Smart phones (iPhone, Blackberry, etc.) have driven personal, intimate, one-on-one conversations to a new low.  Work, ESPN and the latest breaking financial news now have immediate access to the once physically present but emotionally absent husband.  Each time his phone goes off he reaches for it like Wyatt Earp trying to outdraw the bad guys.  Enough already!  Park your smart phone at the door.  Give your wife a big hug, ask her how her day was and ask what you might do to help.

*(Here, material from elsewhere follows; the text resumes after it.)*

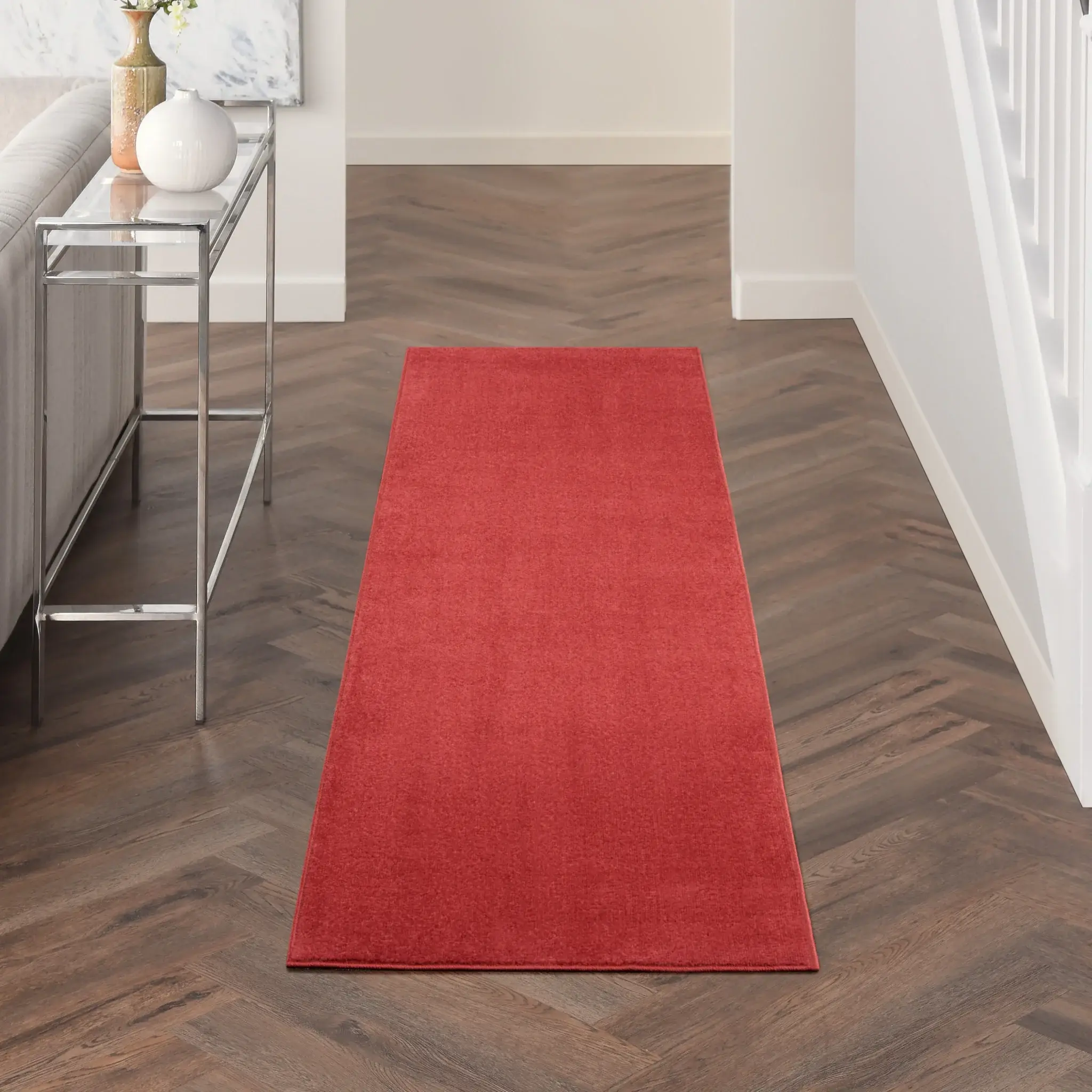 2' X 6' Brick Red Non Skid Indoor Outdoor Runner Rug - Image 4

This posting makes it sound as though this is a malady that affects men only, not so.  The real point is that electronics can take over your life if you let them –what do you think?

Tuesday, 4 May 2010

The Perfect Storm

A "perfect storm" is an expression that describes an event where a rare combination of circumstances will aggravate a situation drastically.  John Eldredge recently applied this term to marriage as he suggested that, “your woundedness, your sin, and your style of relating (not to mention your personality) will collide in devastating precision with your spouse’s.” 

My initial thoughts were:
(1)  “I’m not wounded, I’m not a sinner and I relate to others quite well thank you very much.”  - Okay, I didn’t buy this response either but it sounded masculine.
(2)  “I didn’t sign up for any program that sounded like that.” – Welcome to the club.
(3)  “I thought this blog was entitled ‘Marriage God’s Way’ so what’s all the gloom and doom?  Where’s the “they lived happily ever after” part of the story?”

To suggest that I haven’t been wounded would be to acknowledge that I have been living on another planet since birth.  Between self-inflicted wounds, pain that I have caused others and the hurts and disappointments I’ve experienced I am an intimate acquaintance with woundedness.

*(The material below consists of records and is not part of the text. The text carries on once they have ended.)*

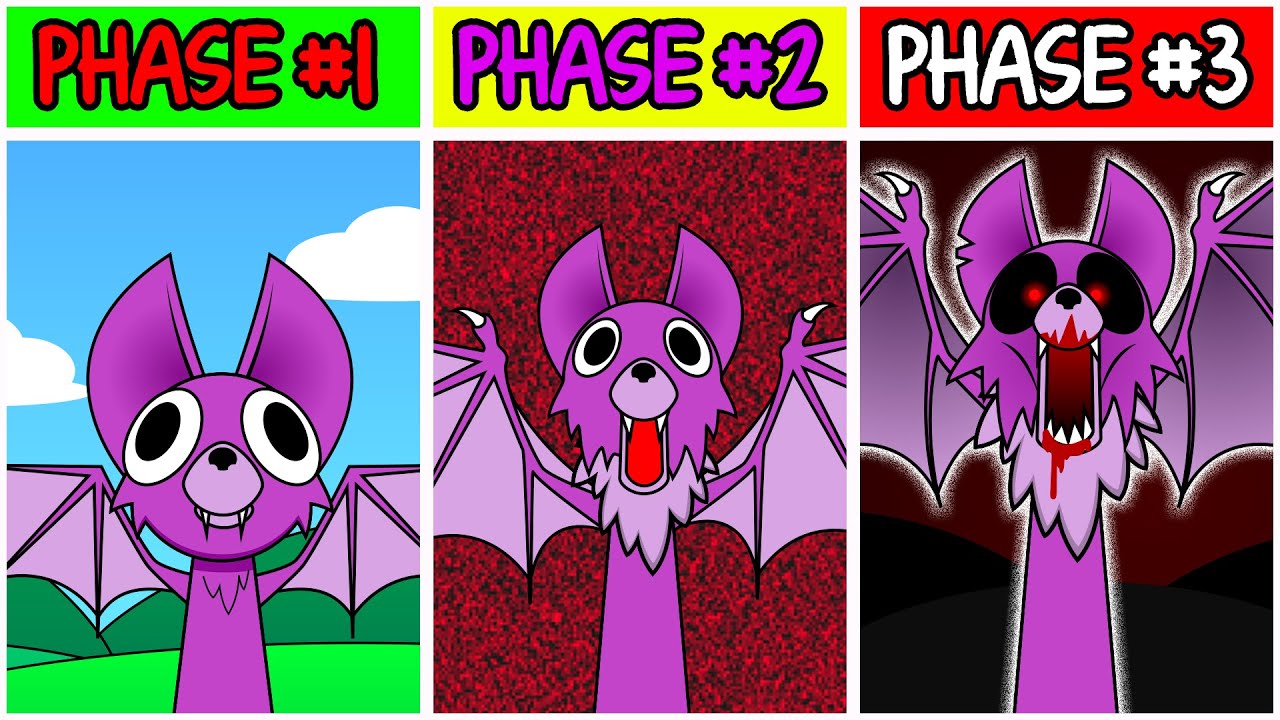 My Sprunki OC: THE BAT (From 99 Nights in the Forest Roblox NEW MONSTER) Phase 1 to Phase 3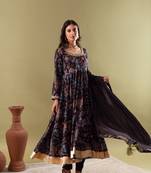 Dark blue anarkali set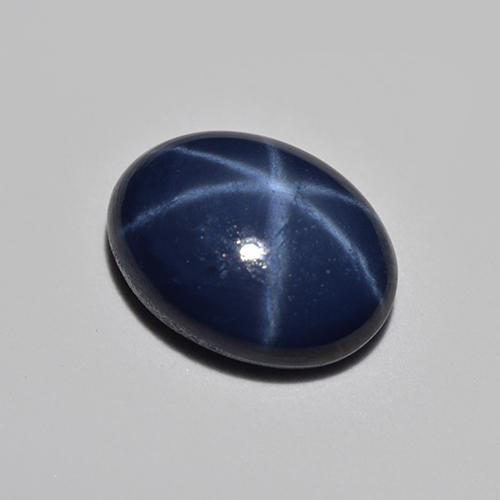 Zafiro estrella Azul oscuro natural de 1.10 ct, Corte Óvalo, Translúcido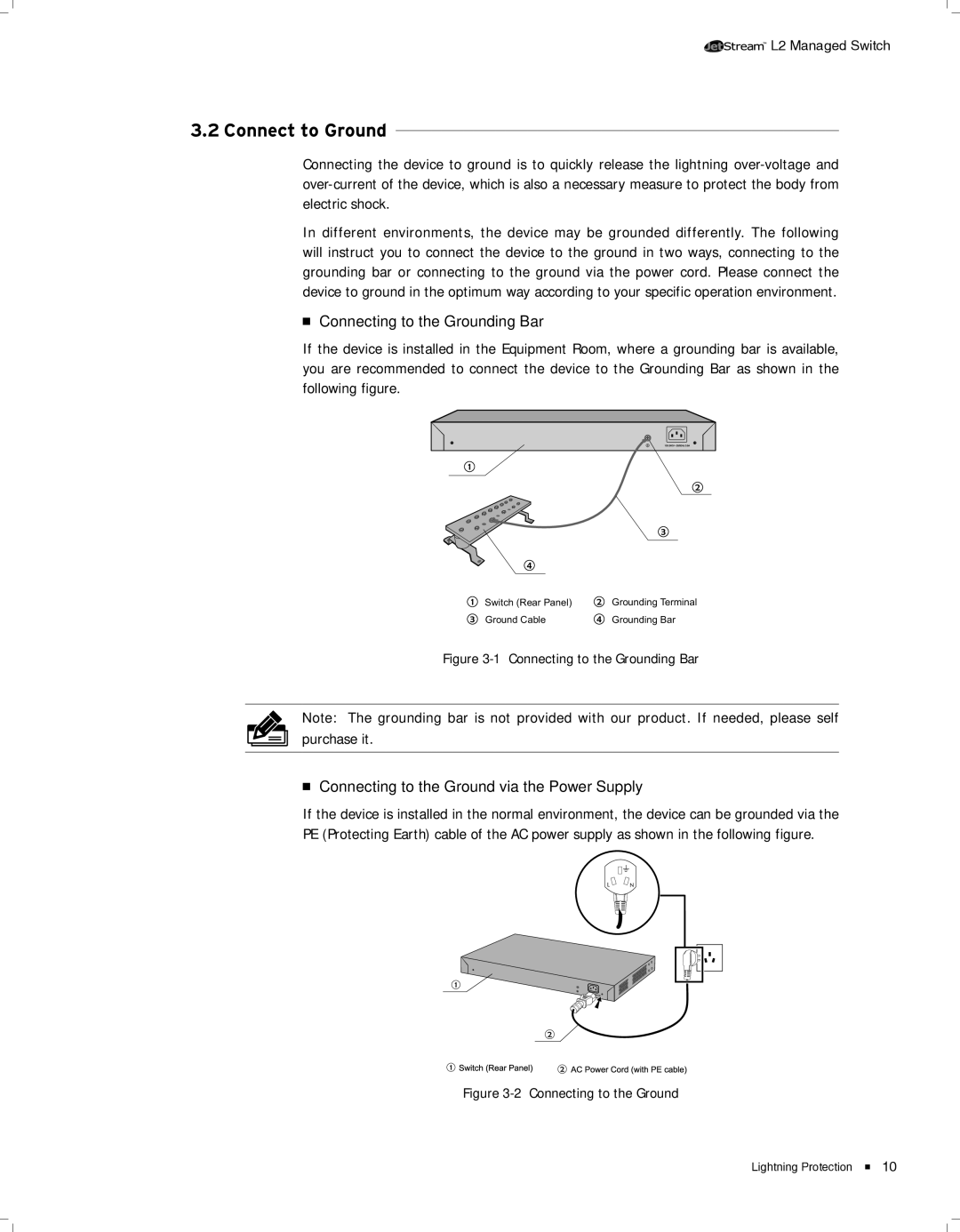 TP-Link TL-SG5428 3333Connect to Ground, Connecting to the Grounding Bar, Connecting to the Ground via the Power Supply 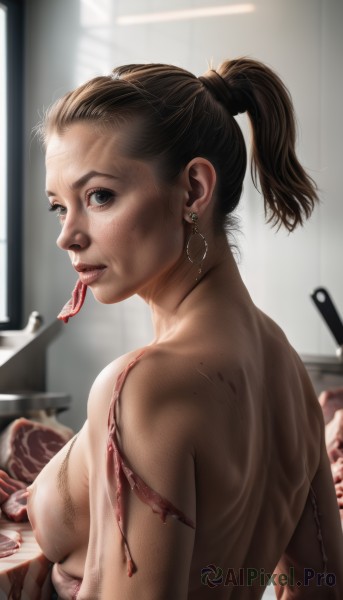 1girl,solo,breasts,looking at viewer,short hair,open mouth,brown hair,jewelry,medium breasts,nipples,upper body,ponytail,nude,earrings,small breasts,food,teeth,tongue,looking back,indoors,blurry,lips,grey eyes,blood,eating,freckles,short ponytail,realistic,meat,horror (theme),guro,mouth hold,veins,injury,nose,bone,kitchen,death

“If we say we have no sin we deceive ourselves and the truth is not in us.”  (1John 1:8)  Enough said.

Which brings me to what is behind door number three – where is God in this perfect storm?  God is in the midst of the storm with me, just as Jesus was in the boat when the fierce storm came up.  Just the way he brought calmness to the raging sea and violent winds he can bring calmness to my marriage and yours.  Jesus never promised smooth sailing to his disciples nor has He promised us smooth sailing in our marriages.  Just as he promised to get his disciples safely to the other side, He promises to help us navigate the sometimes stormy seas of marriage.

If you can accept that God’s “ultimate will” prevails, in spite of the fact that we have free will, then accept that our spouses have been selected for us by God and that our life partner is an essential part of God’s plan for our life.  In some instance Kathleen is the rudder that helps me stay clear of some of life’s rocks, sometimes she is the sail that helps me catch the wind to keep going when things are difficult, and often she is the anchor that helps me stay steady and calm during a storm.

By seeing Kathleen as part of God’s sovereign plan for my life, by seeing her differing point of view as part of God’s rescue mission it has made for sunny days, no clouds and a zero percent chance of precipitation.

Is God in your boat or do you feel as though you have been set adrift?